Over the last few weeks or so, the topic of bankers’ bonuses has featured heavily in the press in two different contexts. Firstly, the British Chancellor, Alistair Darling, levied a one-off tax on bankers’ bonuses of 50 percent in his pre-budget report. This tax applies to banks operating in Britain and to their British-based employers. Bonuses of £25,000 (approximately $40,000 US Dollars) or more are to be put into a pot for each bank and that part will be taxed at 50 percent.
Secondly, the topic of bankers’ bonuses was featured in a proposal by the Basel Committee on Banking Supervision. This committee is reviewing the rules governing bank’s strengths and is proposing that banks will be blocked from paying dividends or bonuses if their capital levels fall below a minimum threshold.

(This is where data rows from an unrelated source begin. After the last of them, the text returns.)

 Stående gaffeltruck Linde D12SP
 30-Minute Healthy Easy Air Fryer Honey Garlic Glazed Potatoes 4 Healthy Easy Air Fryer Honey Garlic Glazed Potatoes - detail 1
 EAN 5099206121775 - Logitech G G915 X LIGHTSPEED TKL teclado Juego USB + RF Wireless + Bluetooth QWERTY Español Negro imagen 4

Bankers are crying “unfair” and accusing the Government of being short-sighted, whereas Alistair Darling received widespread public support for his banker tax. The level of public angst is high due to footing an enormous bill for bankers’ excessive risk taking. According to the National Audit Office figures, the Government (aka the tax payer) has so far spent £117 billion pounds (approximately $189 billion US Dollars) to rescue the banks.

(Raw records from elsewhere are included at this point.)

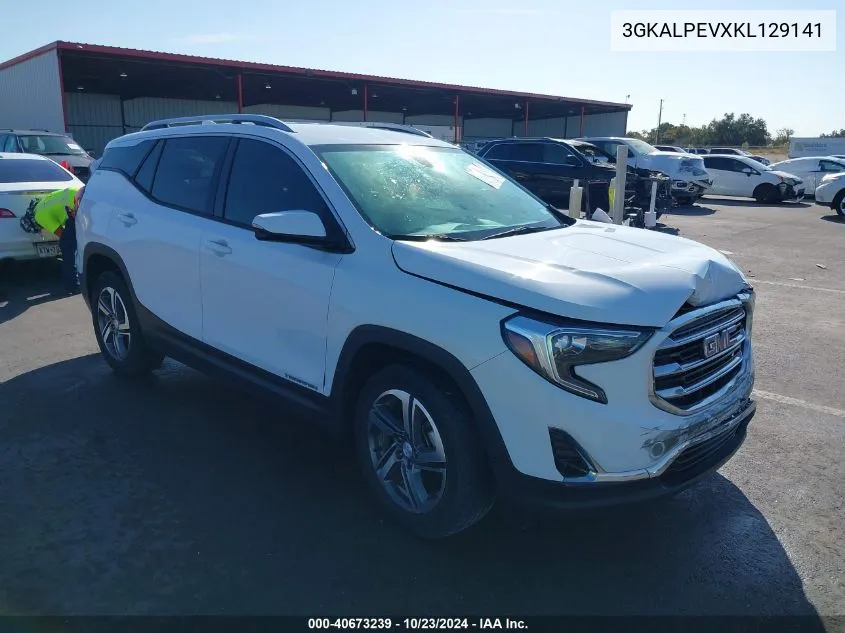 2019 GMC Terrain Slt VIN: 3GKALPEVXKL129141 Lot: 40673239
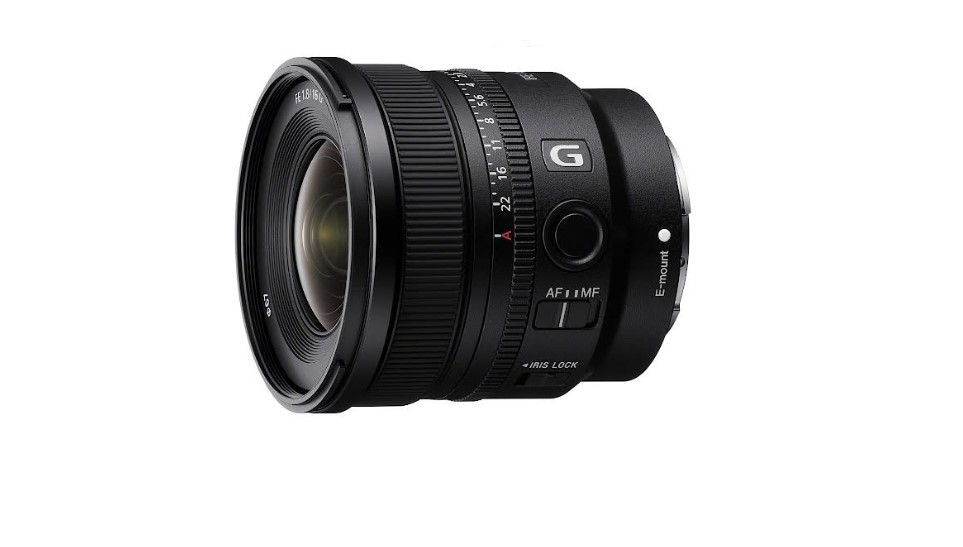 Sony Ultra-Wide FE 16mm F1.8 G lens.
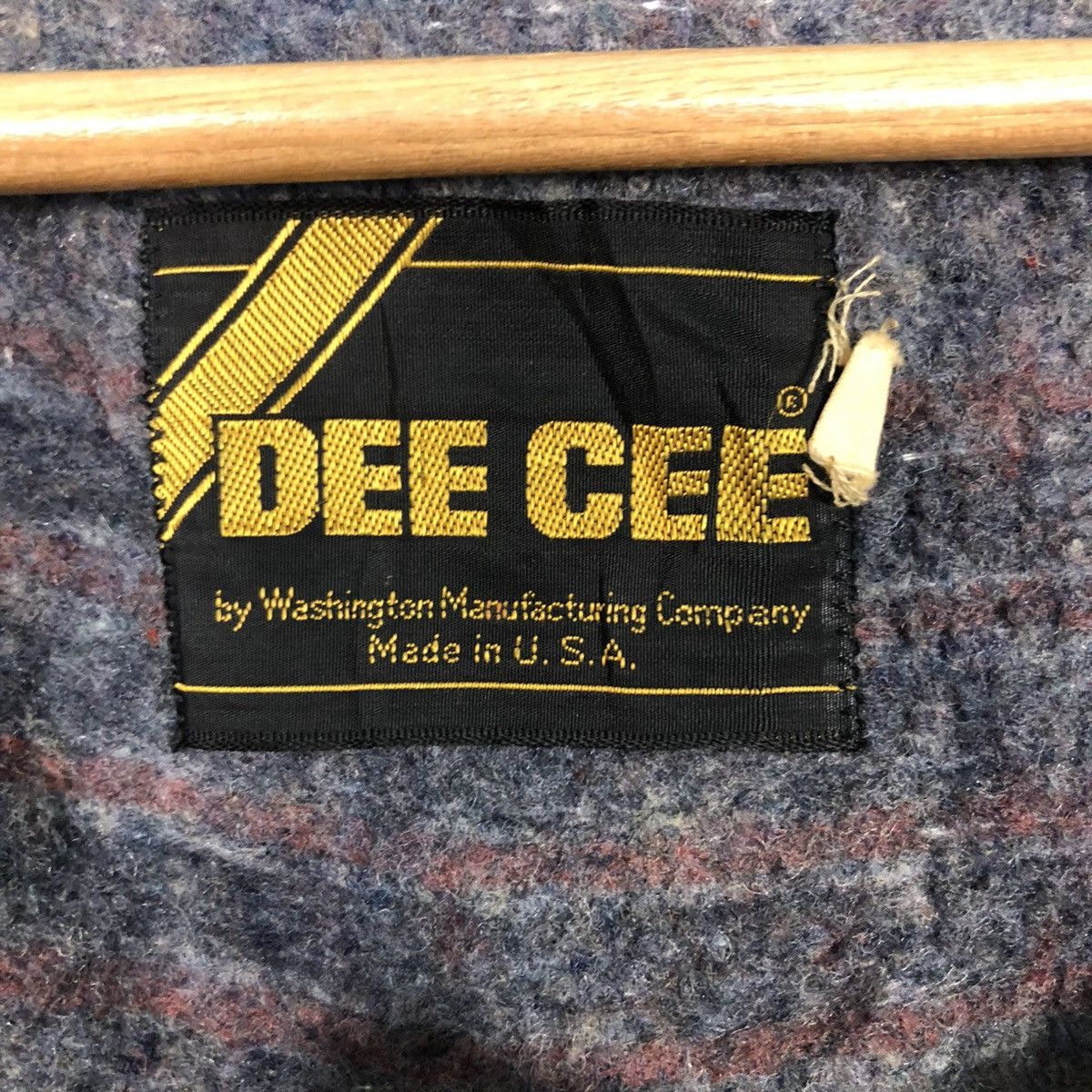Vintage 🔥VINTAGE 50’s DENIM JACKET DEE CEE USA MADE BLANKET TALON Size US M / EU 48-50 / 2 - 21 Thumbnail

From a strategic point of view, this fractious relationship between bankers and Government requires addressing in order to avoid future cycles of banker punishment (the equivalent of a public flogging, cheered on by the crowds!), and banker resentment, followed by banker inventiveness to escape intended financial levies. And it seems that there are many different views between Government and the Banking community that need to be reconciled covering bank lending policy, capital reserve levels, splitting out retail banking, basis for remuneration etc.
So what might help? Well, in situations with multiple and conflicting views a useful starting point is to step back and seek strategic clarity of organisational purpose, from which measures of success can then be derived. This starts with identifying the main beneficiaries, and potentially several types of beneficiaries. Once there is agreement about who the beneficiaries are, the next step is to identify what they want or what they value from the organisation. Guided by clarity about who the beneficiaries are, and what they value from the organisation, we can then try to work out the role of other “stakeholders” in delivering beneficiary value. Note this is quite different from an approach which tries to incorporate all stakeholders and their interests in decision making. More often than not, identifying several types of beneficiaries implies that the organisation should be restructured so that each sub-unit can focus on just one beneficiary group.

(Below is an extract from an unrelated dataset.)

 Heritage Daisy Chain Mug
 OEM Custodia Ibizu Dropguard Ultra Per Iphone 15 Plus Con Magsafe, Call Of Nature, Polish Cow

Adopting the above approach may at least help to surface the fundamental issues in the banking sector concerning core purpose, and what banks should be delivering. Strategic clarity should enable individuals to take on the complex task of strategic leadership, and help today in choosing among alternatives courses of action. Without strategic clarity, there is unlikely to be agreement among the key parties on benchmarks for performance linked to justifiable banker bonuses for some time to come.